ローウェンスタインはニュージャージー州にある本社とニューヨーク市にある支部に加えて、首都のワシントンやカリフォルニア州にも拠点を構えているが、海外拠点は一つもない。所属している弁護士のプロフィールも、アメリカ生まれのアメリカ育ちが一般的で、日本語どころか(アメリカでは多くの人が話せる)スペイン語でさえも話せる弁護士があまりいない。

僕は日本生まれで日本語の読み書きができることから、就活をしている時から、仕事では日本語を活かしたいと思っていた。また、現実的な問題として、僕の英語力はネイティブなアメリカ人には遠く及ばないことを高校時代から痛感していたので、僕には言語力が物を言う法律事務所でネイティブなアメリカ人と互角に競える自信がなかった。

日本語が使えることが自分の強み。そう考えていた僕にとって、ローウェンスタインで勤めることの最大の問題は、事務所が極めてドメスティックであることだった。

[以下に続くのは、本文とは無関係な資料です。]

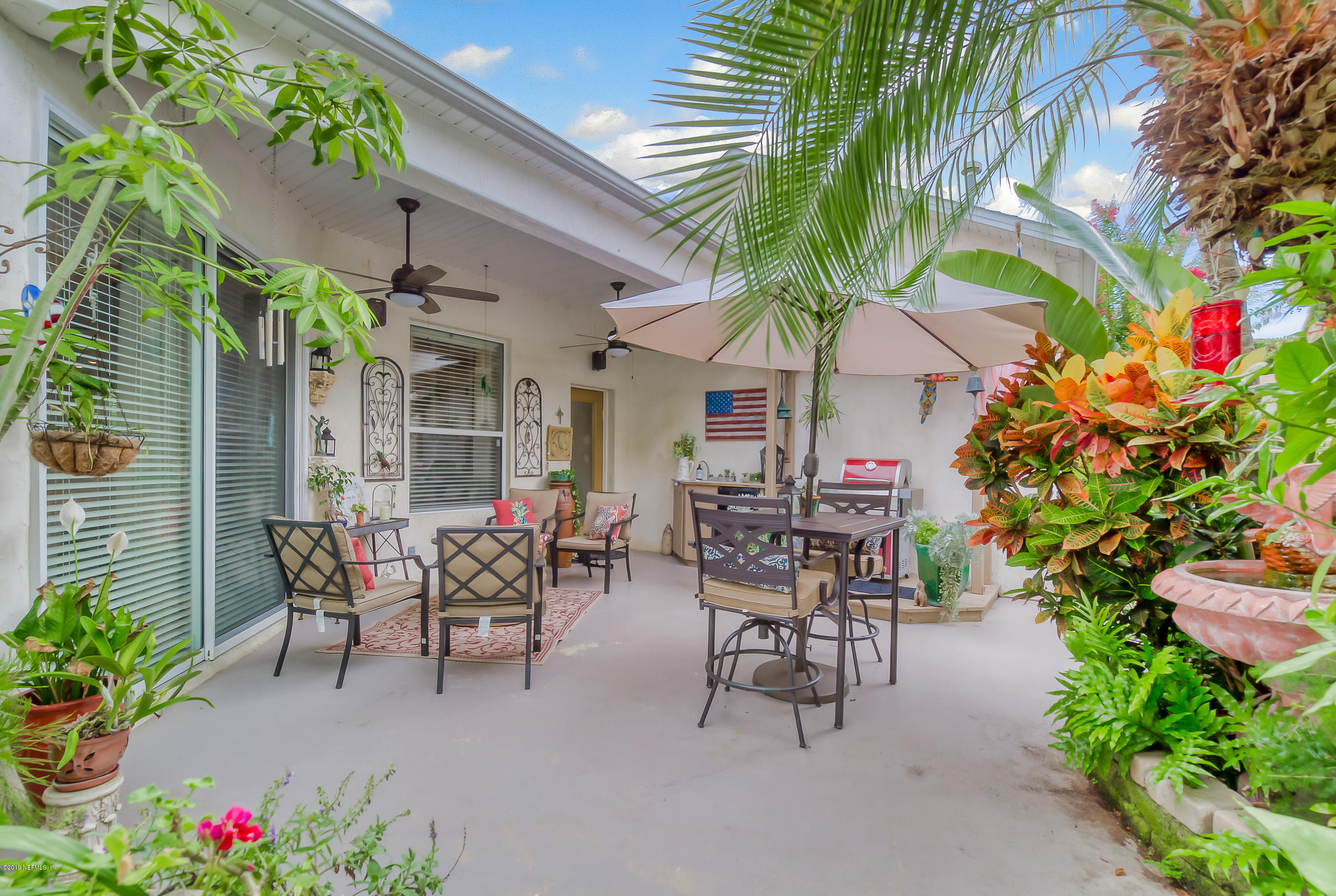 200 Cedar Ridge Circle St. Augustine, FL 32080 - Photo 30 of 41 a view of a patio with table and chairs potted plants and a fountain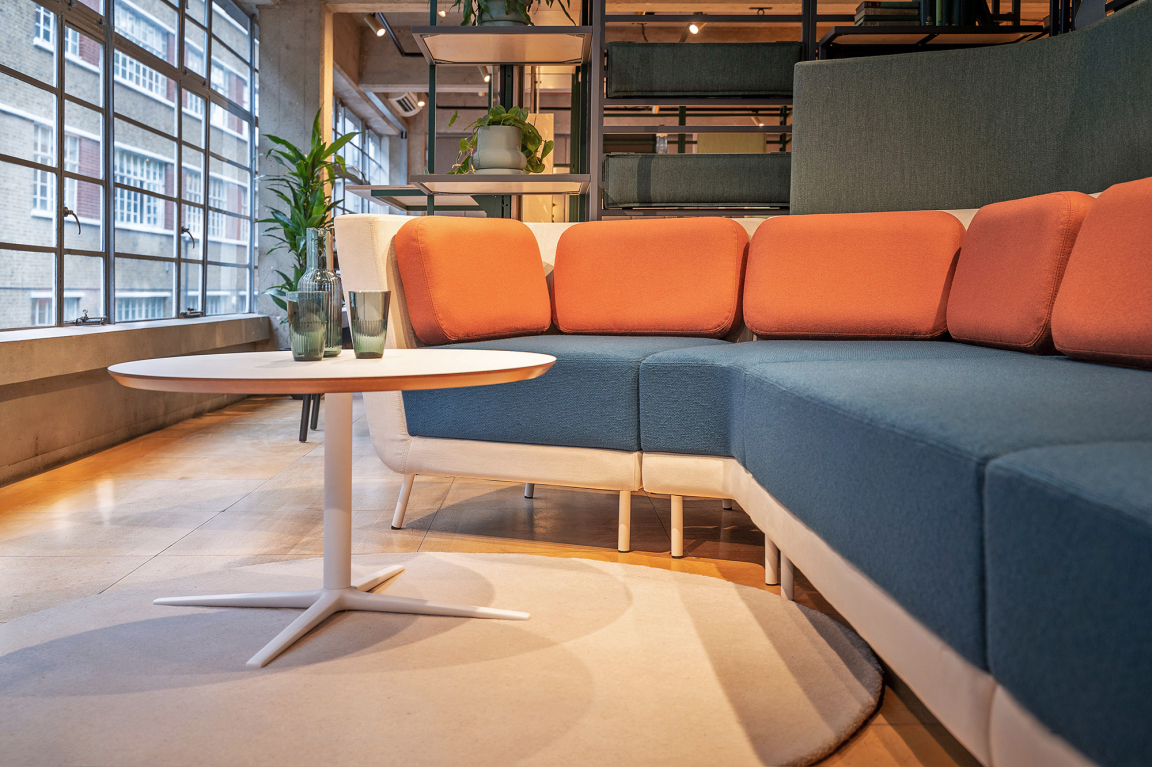 Stylish seating area featuring a modern couch with colorful cushions and a minimalist round table, ideal for Studio collaboration.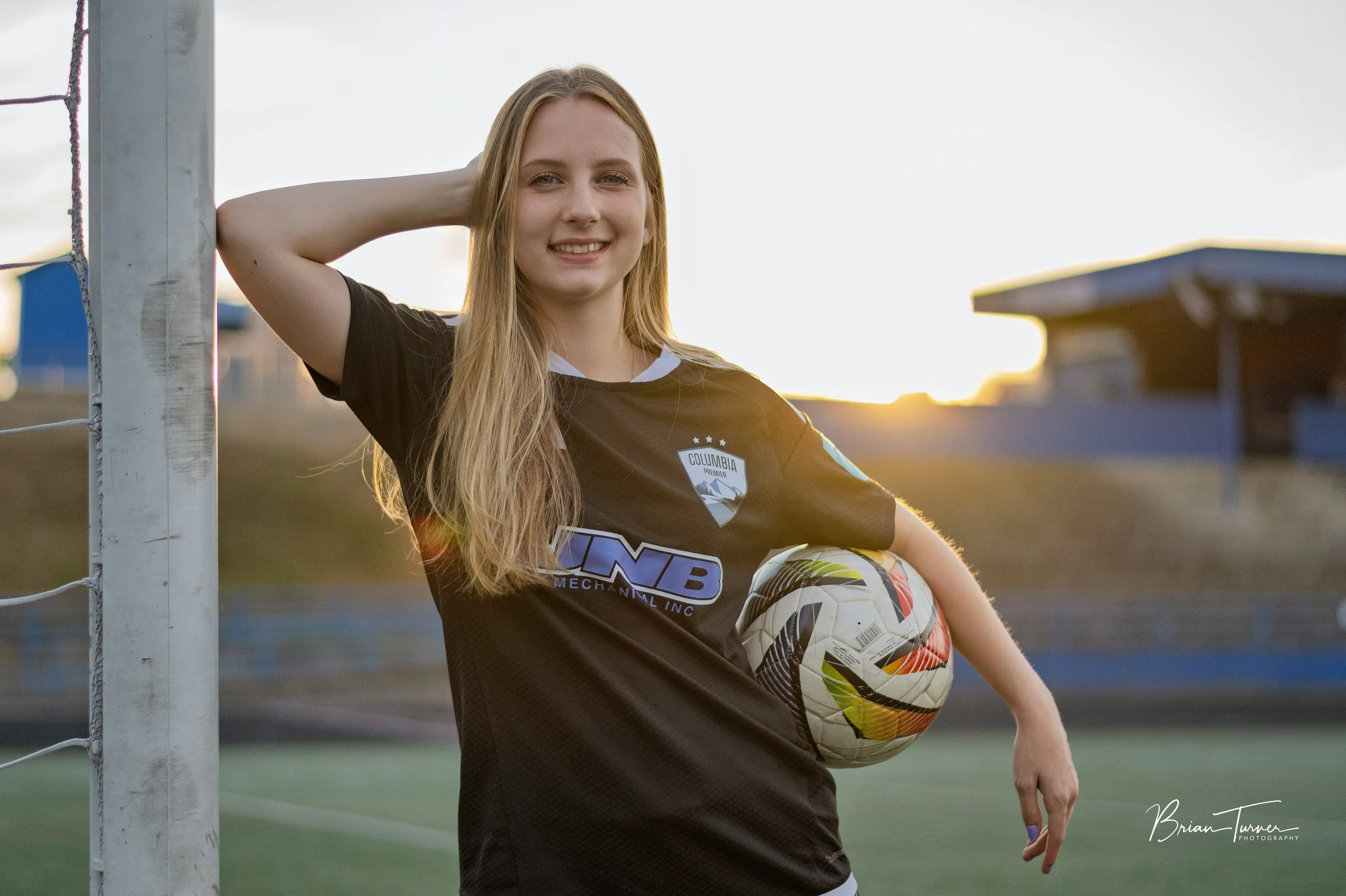 Senior portrait of a high school girl during a soccer session in Ridgefield WA by Brian Turner Photography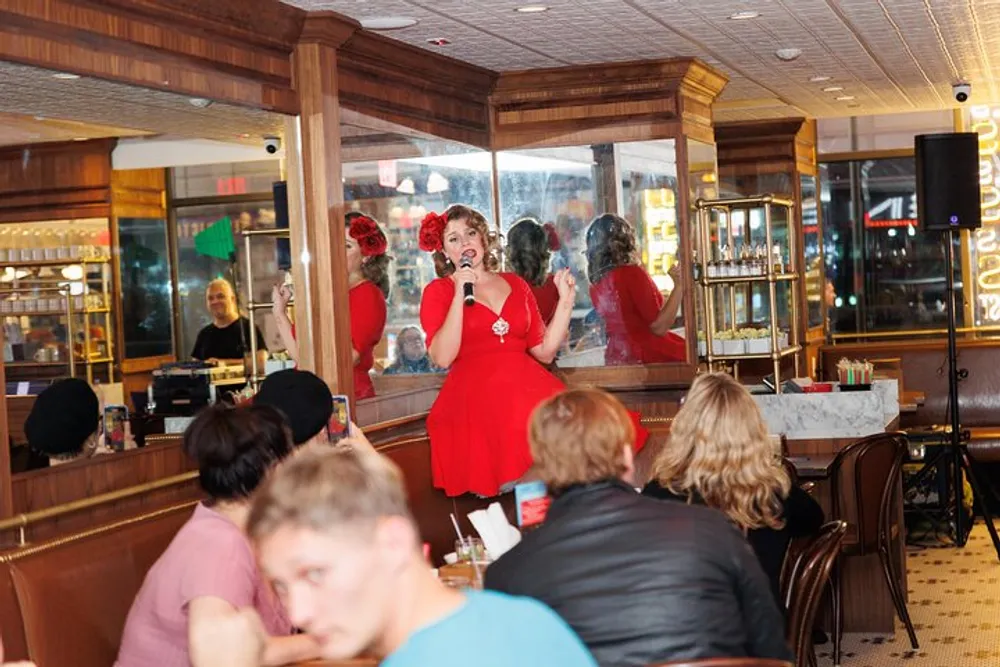 A person in a red dress is performing or speaking into a microphone in front of an audience at an indoor venue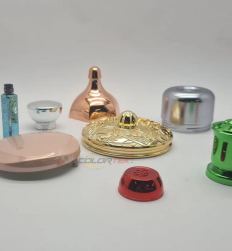 Coated cosmetic caps in rose gold, chrome and red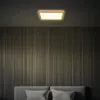 A modern bedroom with a wooden framed LED ceiling light illuminating a wall with vertical paneling and a bed with pillows. Produktbild-Vorschau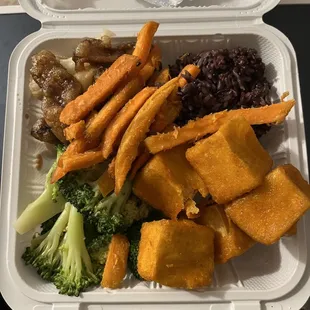 a variety of foods in a styrofoam container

他方で、もう一つの内定をもらえた法律事務所は、ニューヨーク市に本社を置きながら世界中に約20拠点を有しており、東京にも事務所を構えていた。さらには、約900人の弁護士のうち半数以上が海外オフィスで勤務しており、ニューヨーク市に本社を置きながら海外にいる弁護士の方が多いという稀に見る国際的な事務所だった。弁護士の一般的なプロフィールを見ても複数の言語ができるのが当たり前で、僕は正直この事務所から内定をもらえるような学歴の持ち主ではなかったが、日本語ができたことが大きくプラスに働いたのだと思う。

この国際性が、僕がこの事務所を選択する決め手となった。

しかし、そんな事務所でも、ニューヨークでの勤務は驚くほど日本とは無縁だった。日常はもっぱらアメリカ国内の案件に携わるばかりで、僕の日本語が頼りにされたのは、日本語で書かれた文書の意味を尋ねられたり、翻訳を依頼された時で、いずれも弁護士としての活躍が期待されている場面ではなかった。

結局、弁護士として日本語を活かせる環境になったのは、東京オフィスに転勤させてもらった後だった。東京オフィスは基本的に日本語で業務を回しており、日本企業に対し日本語でアメリカの法律に関するアドバイスを提供していた。実はこれは珍しいことで、外資系法律事務所の東京オフィスの多くは日本語で対応していないか、そもそも日本語で対応できる人材が十分にいない。そのような東京オフィスに勤めてしまうと、日本語ができる数少ない弁護士はもっぱらメールの日本語チェックや和訳レビューに駆り出されてしまうので、弁護士としてやりがいがある仕事をあまりやらせてもらえない。

僕は小室圭が今いる環境を意図的に避けた。そんな僕が考えるに、彼は数年以内に日本語が活かせる環境を求めて、より国際的な事務所に転職するのではないかと思う。彼はニューヨークの弁護士になって夢が叶ったと思っているかもしれないが、ネイティブレベルの英語力がない者として成功を収めるには、とても厳しい世界である。彼も僕と同様に日本語を武器にしてキャリアを積んでいくことを考えているのであれば、ローウェンスタインでは日本語がまったくの宝の持ち腐れになってしまう。